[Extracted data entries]
——————

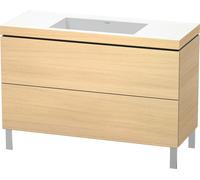 Duravit L-Cube c-bonded Ensemble vertical, 2 tiroirs, sans trop-plein, sans trou pour robinetterie, 1200x698x480mm, LC6939N7171
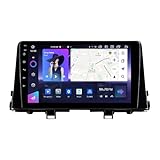Doppel Din 9 Zoll Android 14 Autoradio für Kia Morning 3 Picanto 2017-2020 mit Wireless Carplay AHD Rückfahrkamera Bluetooth Lenkrad Steuerung GPS Navigation (T700 [8+256G])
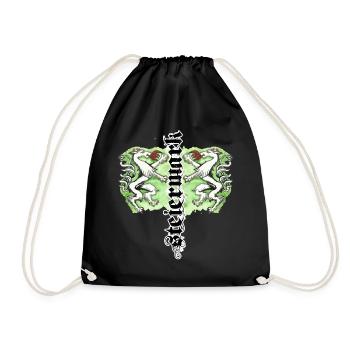 Styria with Styrian Panther - Drawstring Bag - black - Front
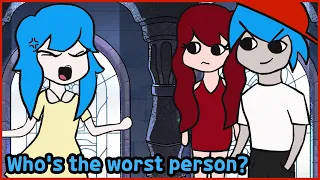 SKY VS GF - Who's the worst person? [FNF Animation] 누가 제일 나쁜 사람이야? 프나펑 만화 애니메이션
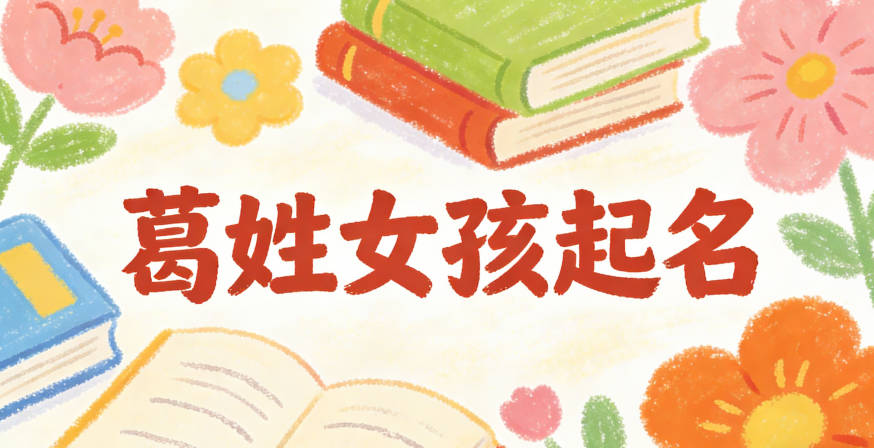 葛姓女孩起名大全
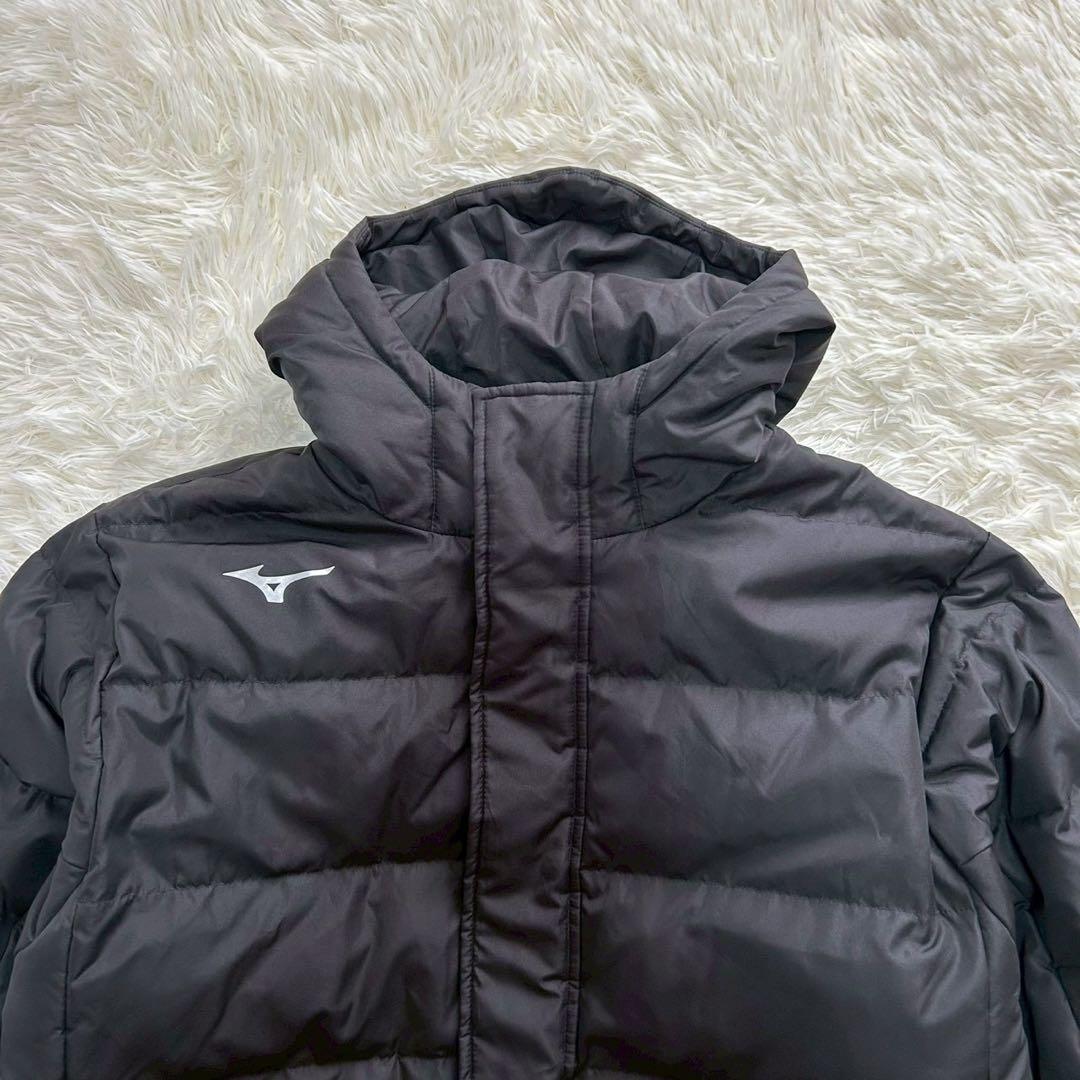 MIZUNO ミズノ ダウン90% ベンチコート ロング120cm ブラック L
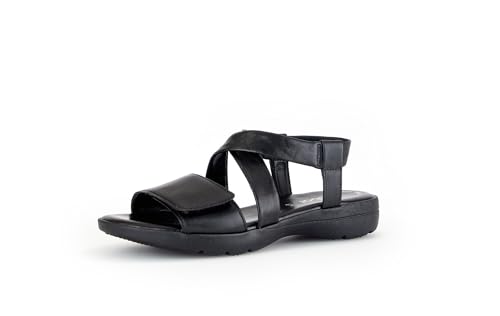 Gabor Damen Riemchensandalen, Frauen Sandalen,Best Fitting,Freizeitschuhe,offene Schuhe,Strandschuhe,Sandaletten,schwarz (Uni),37.5 EU / 4.5 UK von Gabor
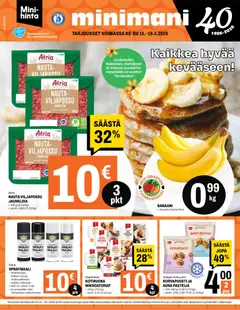 Kaupan Minimani Minimani tarjoukset esikatselu, voimassa 15/04/2026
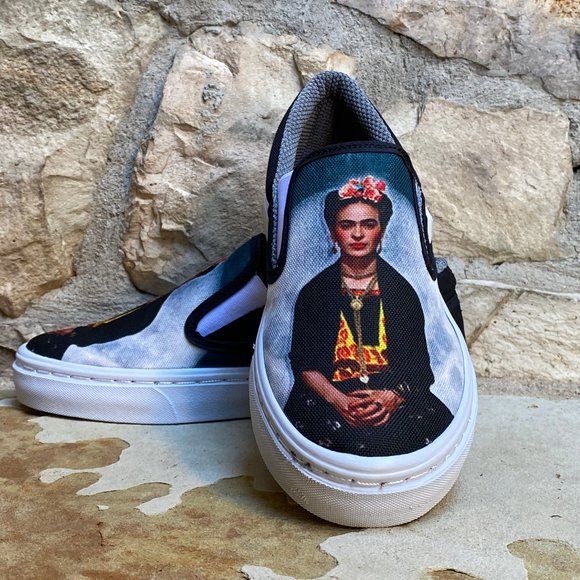 WOMEN'S PRINTED CANVAS SNEAKERS "FRIDA KAH… - Picture 3 of 6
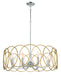 Minka-Lavery - 4028-679 - Eight Light Pendant - Chassell - Painted Honey Gold With Polish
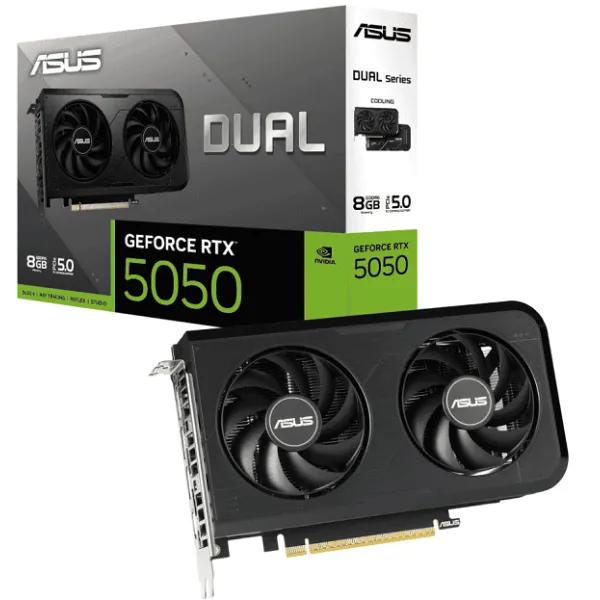 ASUS DUAL GeForce RTX 5050 8GB GDDR6 OC Edition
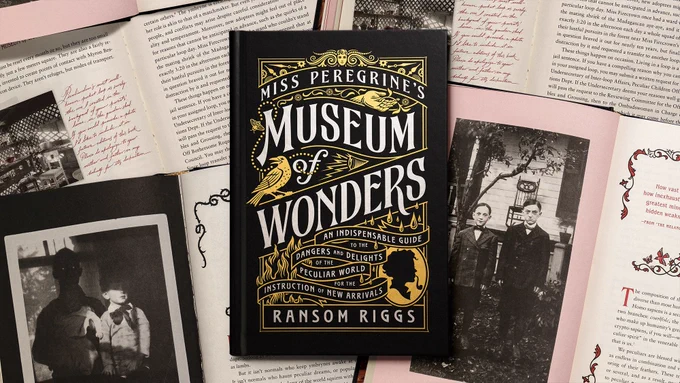 A flatlay photo of the book Museum of Wonders by Ransom Riggs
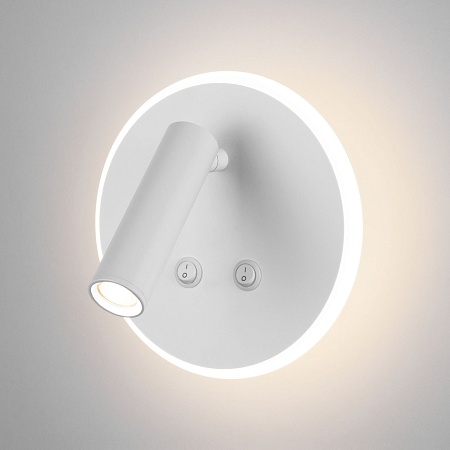 Настенный светодиодный светильник Tera LED белый Tera LED белый (MRL LED 1014) Elektrostandard - фото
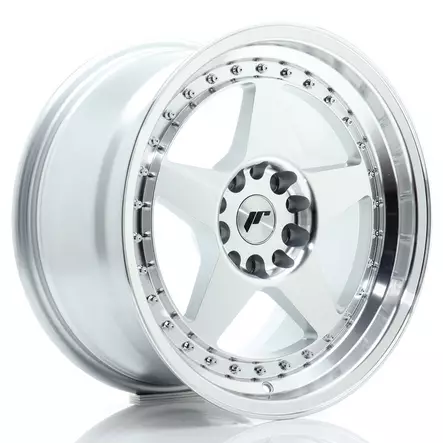 JR Wheels JR6 17x9 ET25 5x114/120 Silver Machined Face - Japan Racing vanteet - 5902211999362 - 1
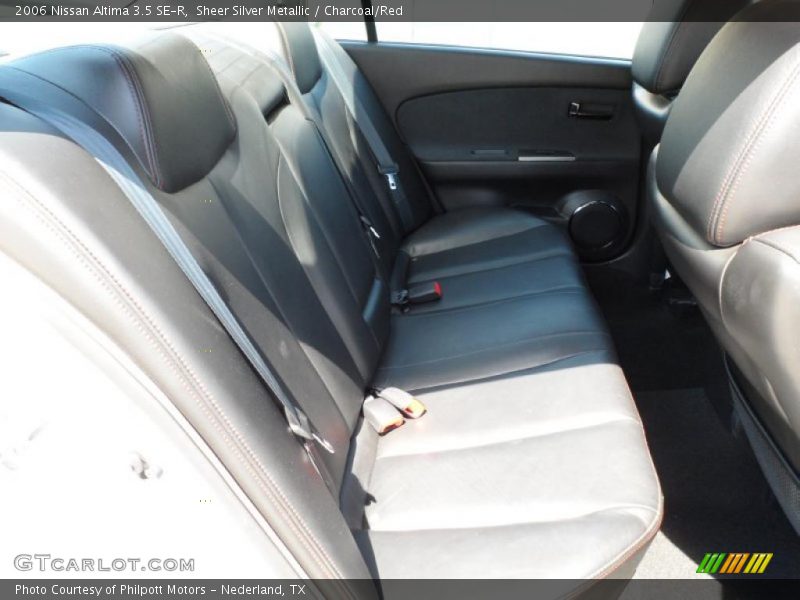 Sheer Silver Metallic / Charcoal/Red 2006 Nissan Altima 3.5 SE-R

——————

■ **Task to complete**:
In your reply, please set down exactly the lines from the one containing "Styria with Styrian" through the end of the records, with the pictures left out.

■ **Answer to this task**:
 Styria with Styrian Panther - Drawstring Bag - black - Front
 SKY VS GF - Who's the worst person? [FNF Animation] 누가 제일 나쁜 사람이야? 프나펑 만화 애니메이션
 葛姓女孩起名大全
 MIZUNO ミズノ ダウン90% ベンチコート ロング120cm ブラック L
 Gabor Damen Riemchensandalen, Frauen Sandalen,Best Fitting,Freizeitschuhe,offene Schuhe,Strandschuhe,Sandaletten,schwarz (Uni),37.5 EU / 4.5 UK von Gabor
 Kaupan Minimani Minimani tarjoukset esikatselu, voimassa 15/04/2026
 WOMEN'S PRINTED CANVAS SNEAKERS "FRIDA KAH… - Picture 3 of 6
 Minka-Lavery - 4028-679 - Eight Light Pendant - Chassell - Painted Honey Gold With Polish
 ASUS DUAL GeForce RTX 5050 8GB GDDR6 OC Edition
 A flatlay photo of the book Museum of Wonders by Ransom Riggs
 Настенный светодиодный светильник Tera LED белый Tera LED белый (MRL LED 1014) Elektrostandard - фото
 JR Wheels JR6 17x9 ET25 5x114/120 Silver Machined Face - Japan Racing vanteet - 5902211999362 - 1
 Sheer Silver Metallic / Charcoal/Red 2006 Nissan Altima 3.5 SE-R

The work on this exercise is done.